COVID-19 is changing the logistics industry and supply chain in general. The shift to online retail to get the necessities of daily life may, in some ways, change retail for good. Before the disease outbreak, online retail held 11% of the market share. Industry projections supported the notion that online retail would likely double by the end of the decade. That increase is happening now and then some. Older Americans, typically hard-to-convince late tech adopters, are embracing online retail now. Since they may have to stay at home longer, even when social distancing ends. 
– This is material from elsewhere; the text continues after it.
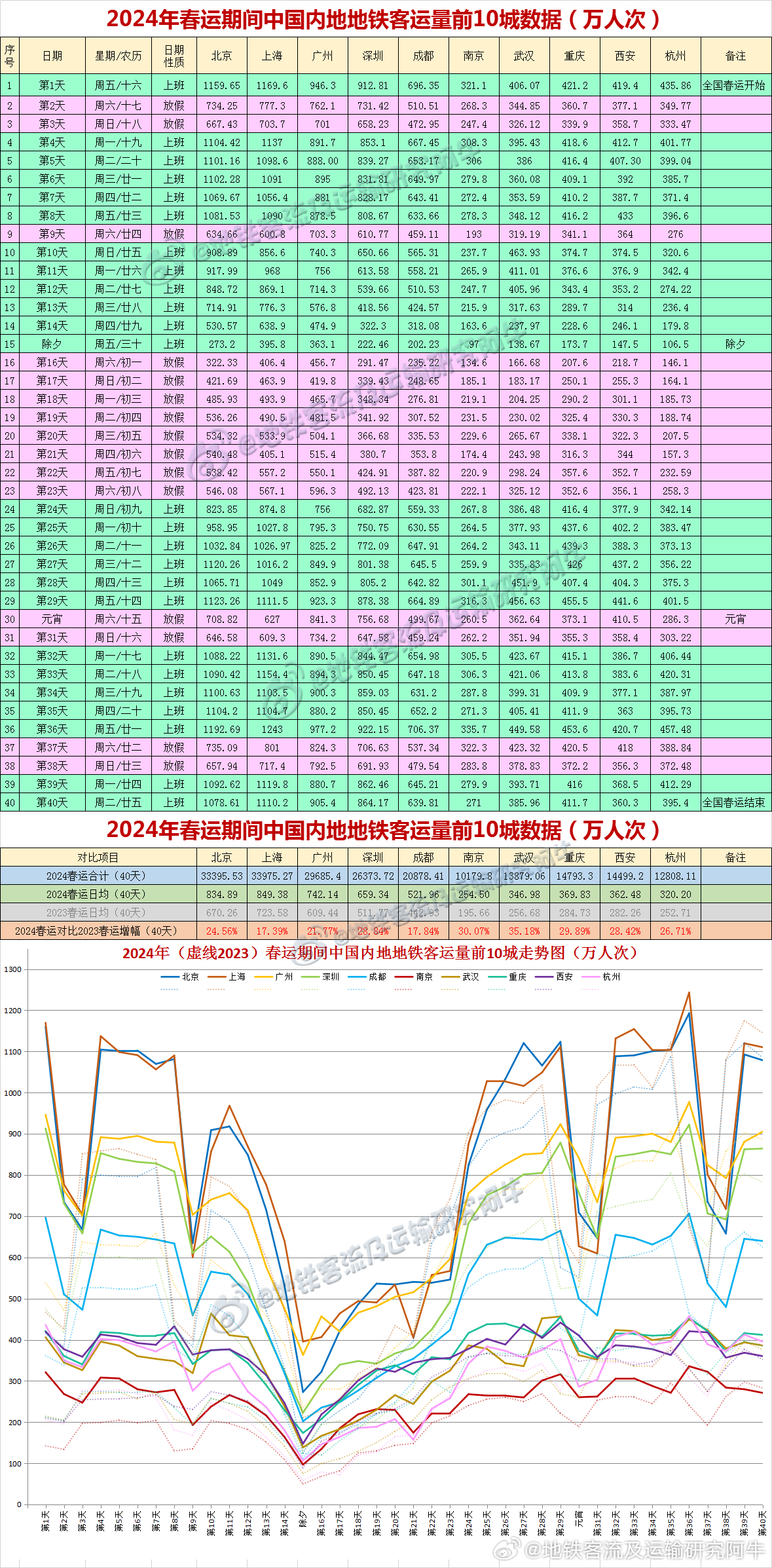 新澳今晚开什么号码,全面分析数据执行_升级版59.580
The shift to online grocery shopping was already affecting the supply chain. A shortage of cold storage space that has been going on for a while. In the summer of 2019, CBRE projected a need for as much as 100 million more square feet of cold storage in five years. The pandemic is kicking cold storage into high gear. This sector was growing before COVID-19 and will likely continue for some time to come. There is plenty of potential in this industry when you consider that there’s not just a need for new facilities to fill current and future demand. The average age of existing cold-storage facilities is 34 years, so those will need replacing or refurbishing as well.

Office Space

By the time we get past the COVID 19 pandemic, we’ll all be used to working from home, as well as collaborating and meeting online. Will that change how we work? Indeed, not all businesses have to have office space. Small companies and startups have been renting shared space and hoteling workstations for some time now. Those trends will likely continue and grow.

Cause For Optimism

The world is always changing. One thing we can count on is that Americans continuously adapt in ingenious and surprising ways. When we get past this pandemic, we will surely take stock of the countless inspiring ways Americans stepped up and used their creativity to help us get through this crisis. Some of these stories have already come to light:

  • A young doctor and her scientist husband came up with a way to clean and sanitize N95 face masks.
  • Faculty members at Purdue who are working with IU hospital and St Francis to make Personal Protective Equipment PPE and ventilator parts.

I’m sure we’ll hear many more inspiring stories like these. There are heroes everywhere; we just don’t know them yet.